In practice, the two overlap for a seamless stream of torque, of which a fat 332lb ft gush is available between 1400 and 3600rpm.
But before we tell you how fast that makes a Vectra go, here’s the reason for those twin KKK turbos. A single blower can yield the same peak power of 212bhp but leaves a large hole in the lower end of the torque curve, precisely where the engine operates most often.
Modern turbodiesels, including Vauxhall’s current 150bhp 1.9 CDTi Ecotec, run with a blower sized for compromise between strong mid-range urge – this same motor musters 232lb ft of torque – and ultimate power. Run large and small in tandem and you’ll have the best of both worlds, and still return 47.0mpg on the combined cycle, an amazingly small drop from the 150bhp motor’s 47.9mpg.

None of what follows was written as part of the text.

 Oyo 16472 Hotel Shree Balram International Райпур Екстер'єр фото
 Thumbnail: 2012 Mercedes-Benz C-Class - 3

And you certainly get some thrust. Vauxhall claims 6.0 seconds to 60mph, while top speed is reined in to 155mph. Remember, we’re talking about a diesel here. Vauxhall showed this car as a concept, painted a vivid blue, at the Birmingham motor show, and we got to try it, admittedly in far-from-finished form, on an airstrip near Frankfurt.

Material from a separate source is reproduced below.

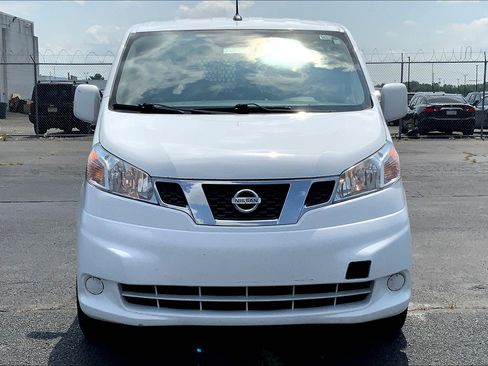 Used 2018 Nissan NV200 SV w/ Navigation Package image 3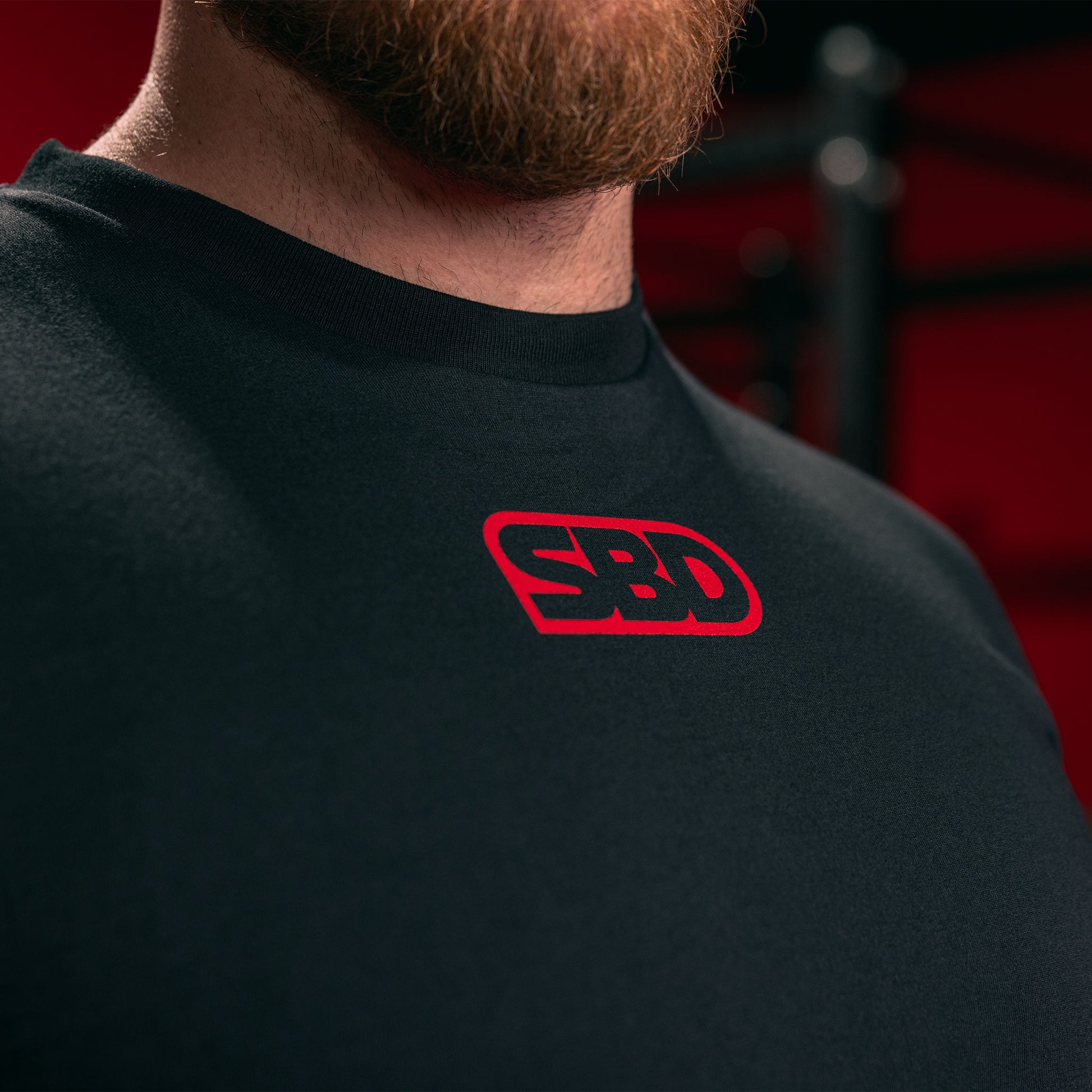 Camiseta SBD ajustada con cuello alto para levantar pesas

The trouble with wide open spaces like this is that they don’t really provide an accurate sense of speed and acceleration – or don’t until you reach a bend suddenly enough to provoke the Vectra’s understeer-countering ESP.
That was enough to remind us that while the Vectra is rather good at taking corners at considerable speeds, the slightly numb steering of this unfinished car make this an activity that you won’t be pursuing for the hell of it. But the finished article, out early in 2006, will be badged VXR, which will signal the ministrations of Lotus. So there’s a fair chance that this Vectra might be an entertainer.
It will also be more powerful than this car, which was running with 292lb ft of torque rather than 332lb ft to preserve its gearbox – the production version gets a tougher transmission. It will also get a smaller low-rev turbo to sharpen low-rev throttle response, as there was some lag despite the elaborate set-up, and the strategy for blending the efforts of the blowers will be refined, too, the need for which I discovered by opening the glovebox.
Lurking inside was a boost gauge, and while it was a challenge to stare at that, steer the car, deploy full throttle and not crash, I can report that there is indeed a brief dip in pressure part way through the rev range, though it wasn’t very noticeable on the road.
So there’s more development to come, but it’s hard to see how the finished package can fail to impress in terms of performance and economy. With the right kind of fettling under the arches, the diesel Vectra VXR could turn out to be as startling as the blue interior of the concept. And all for around £22,000.